Very helpful and practical is the model of intercultural interaction that unfolds throughout the book. Storti steps the reader through the various stages of interaction and underscores both the incidents that occur and our reactions to such incidents. This could be a helpful tool for expatriates to utilize in evaluating their cultural acclimation and effectiveness in the host culture. Evaluating ourselves and keeping check with the way we are relating to the local people is a good way to be accountable to someone else to. As missionaries, it is important to remember who we are representing—Jesus Christ! This model could also prove helpful in counseling other expatriates through the process of crossing cultures. It might serve as a good exercise for supervising missionaries and new apprentice missionaries to help the new family to adjust more effectively.

As a seminary student whose coursework reading materials are almost 100% Christian-authored, it was nice to see a secular work that spoke not specifically of expatriate missionaries, but of expatriates in general and still held true in its generalizations. It was also just a good read and would be a good book to refer others to when serving overseas or prior to going overseas. This book could then serve as a link between you—Christian missionary expatriates—and other expatriates in your assigned country. They could see that you are no different than them in many respects. This could then lead to an opportunity to celebrate your similarities and open up an avenue for cordially discussing your differences—i.e. leading to ministry and witnessing opportunities!

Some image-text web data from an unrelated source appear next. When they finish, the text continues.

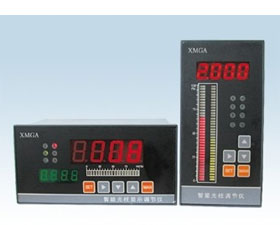 中能儀表 XMGA-9000智能光柱顯示調節儀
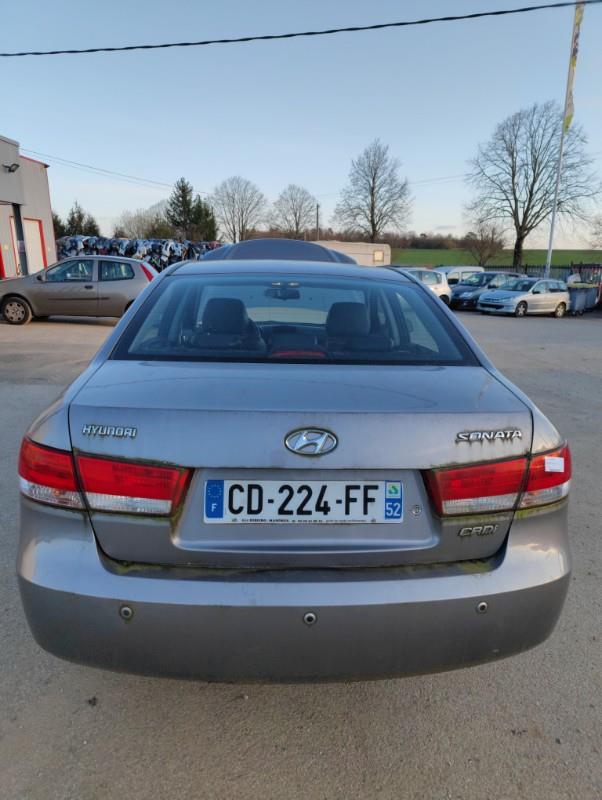Portabagagli/Portellone posteriore HYUNDAI SONATA 5 Diésel - 1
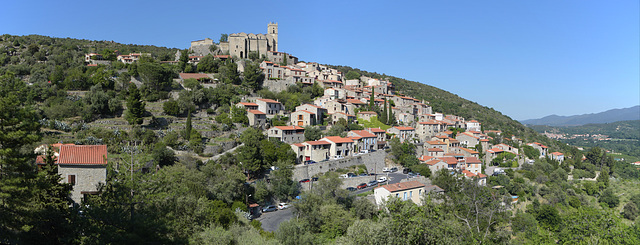 Eus un des villages les plus ensoleillé de France ! (4 notes)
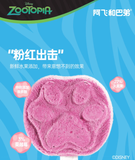 Alfie & Buddy Zootopia Collaboration Paw Freeze-Dried Paws 8g/8g*6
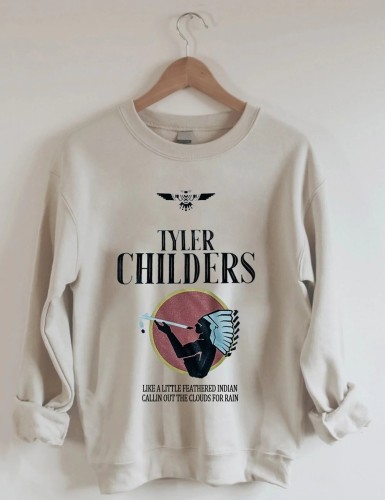 Tyler Childers Band Sweatshirt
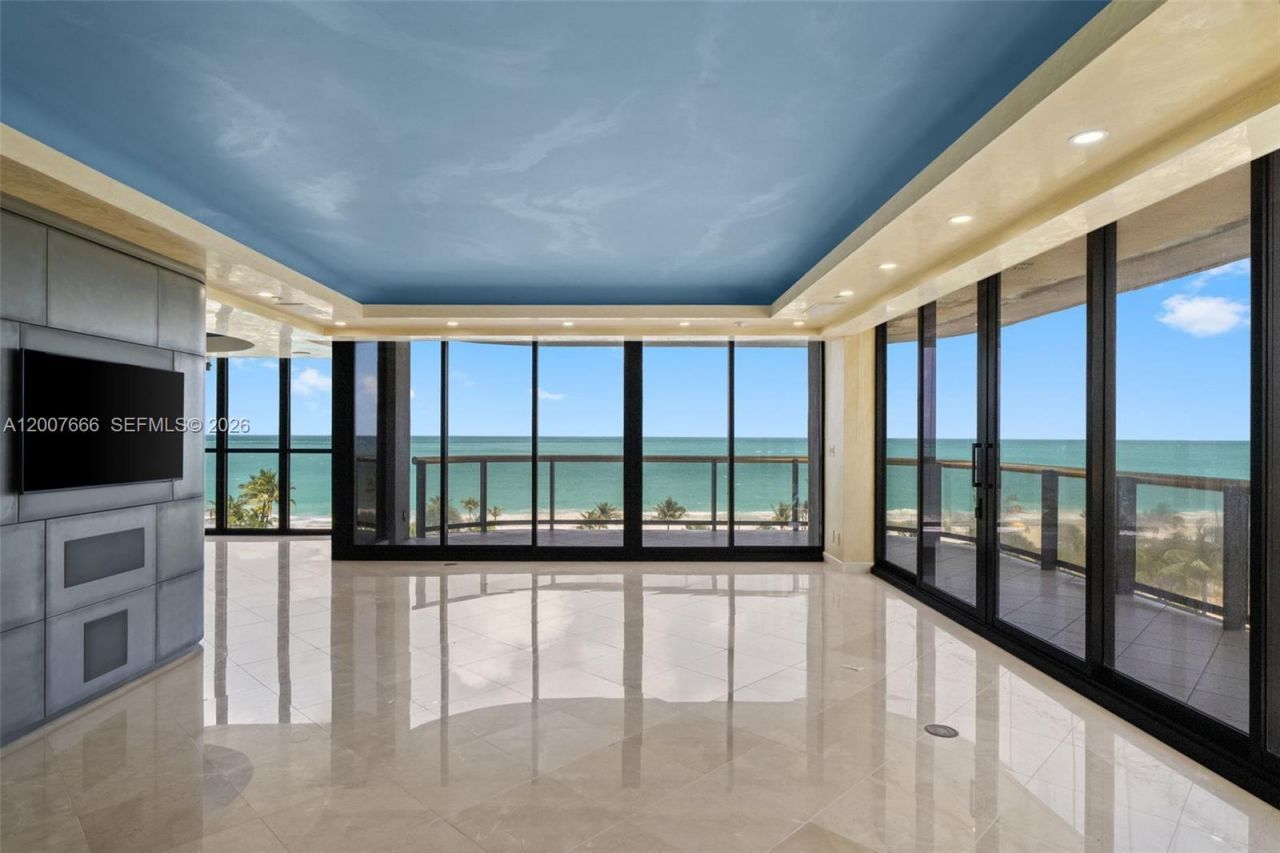 9999 Collins Ave, Unit 6G, Bal Harbour, FL 33154 Photo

In summation, Storti lends the following choice words:

“Becoming culturally effective does not mean becoming a local; it means trying to see the world the way the locals do and trying to imagine how they see you. If you can do that, you will have done all that’s necessary to function overseas. You will still encounter cultural incidents, though far fewer than someone who has not made this effort, but you will have earned the right to be offended…(Storti, p95)”

These are helpful last words for us to consider. They are encouraging inasmuch as they allow us to see that we can effectively cross cultures. We can understand and be understood. There are times when this may seem impossible and so far out of reach, but in addition to Storti’s comments, we also have the hope of Christ in us that spurs us on even more!